The following code iterates through the rows of the DataFrame and converts the rows to JSON format. This is a very common format for communication between different systems. The JSON of the observation contains a value for temperature and a value for pH. Those are printed out as follows:

Code block 1-2

data_iterable = data_batch.iterrows()
for i,new_datapoint in data_iterable:
  print(new_datapoint.to_json())

After running this code, you should obtain a print output that looks like the following:

Figure 1.6 – The resulting print output

Figure 1.6 – The resulting print output

Let's now define a super simple example of streaming data analytics. The function that is defined in the following code block will print an alert whenever the temperature gets below 10:

Code block 1-3

def super_simple_alert(datapoint):
  if datapoint[‹temperature›] < 10:
    print('this is a real time alert. temp too low')

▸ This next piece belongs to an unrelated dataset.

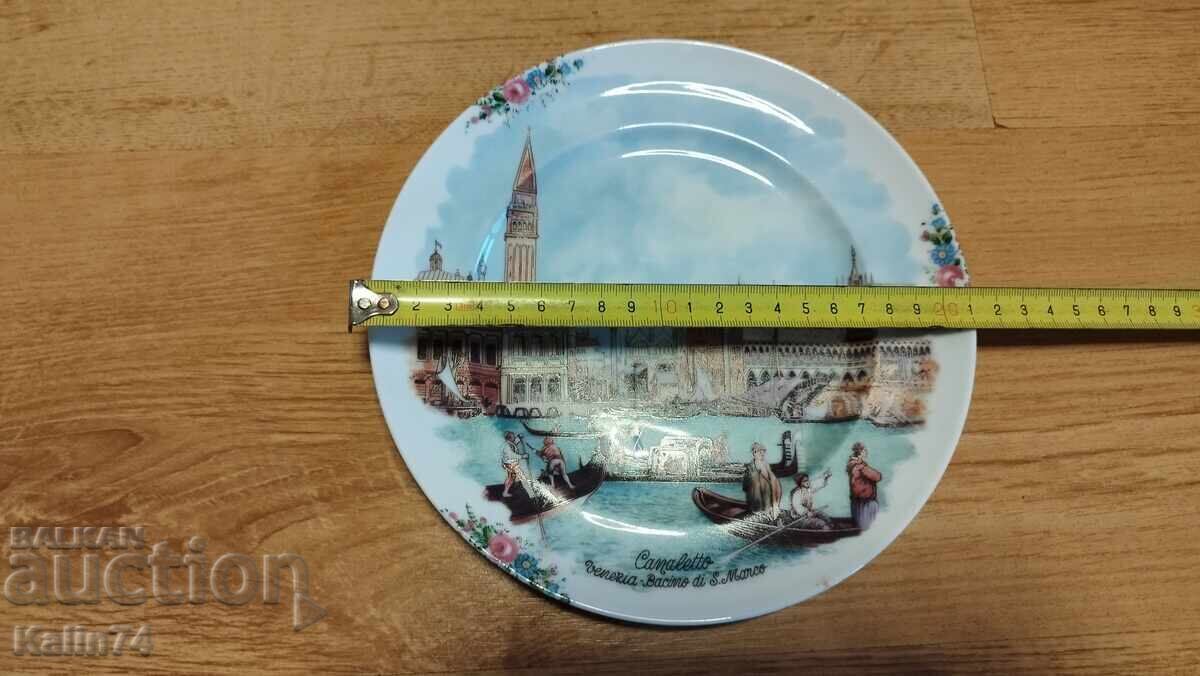Frumoasă farfurie din Veneția, Italia. cu preț € 13.00 | 25.43 BGN Frumoasă farfurie din Veneția, Italia. cu preț € 13.00 | 25.43 BGN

You can now add this alert into your simulated streaming process simply by calling the alerting test at every data point. You can use the following code to do this:

Code block 1-4

data_iterable = data_batch.iterrows()
for i,new_datapoint in data_iterable:
  print(new_datapoint.to_json())
  super_simple_alert(new_datapoint)

When executing this code, you will notice that alerts will be given as soon as the temperature goes below 10:

Figure 1.7 – The resulting print output with alerts on temperature

Figure 1.7 – The resulting print output with alerts on temperature

This alert works only on the temperature, but you could easily add the same type of alert on pH. The following code shows how this can be done. The alert function could be updated to include a second business rule as follows:

Code block 1-5

def super_simple_alert(datapoint):
  if datapoint[‹temperature›] < 10:
    print('this is a real time alert. temp too low')
  if datapoint[‹pH›] > 5.5:
    print('this is a real time alert. pH too high')

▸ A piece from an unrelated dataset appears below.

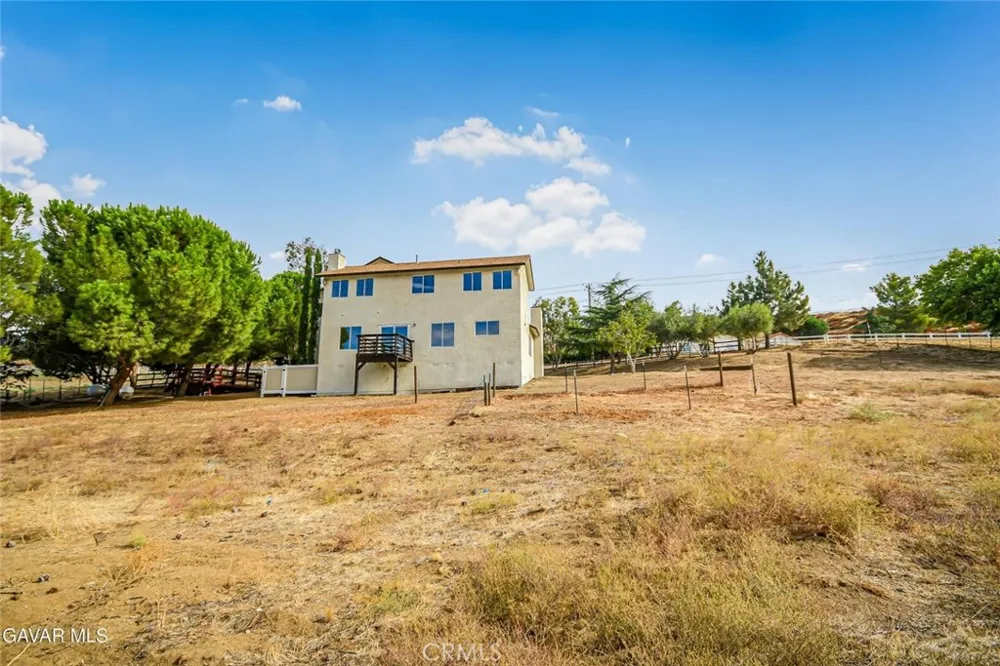 8546 Calva Street Leona Valley, CA 93551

Executing the function would still be done in exactly the same way:

Code block 1-6

data_iterable = data_batch.iterrows()
for i,new_datapoint in data_iterable:
  print(new_datapoint.to_json())
  super_simple_alert(new_datapoint)

You will see several alerts being raised throughout the execution on the example streaming data, as follows:

Figure 1.8 – The resulting print output with alerts on temperature and pH

Figure 1.8 – The resulting print output with alerts on temperature and pH

With streaming data, you have to decide without seeing the complete data but just on those data points that have been received in the past. This means that there is a need for a different approach to redeveloping algorithms that are similar to batch processing algorithms.

Throughout this book, you will discover methods that apply to streaming data. The difficulty, as you may understand, is that a statistical method is generally developed to compute things using all the data.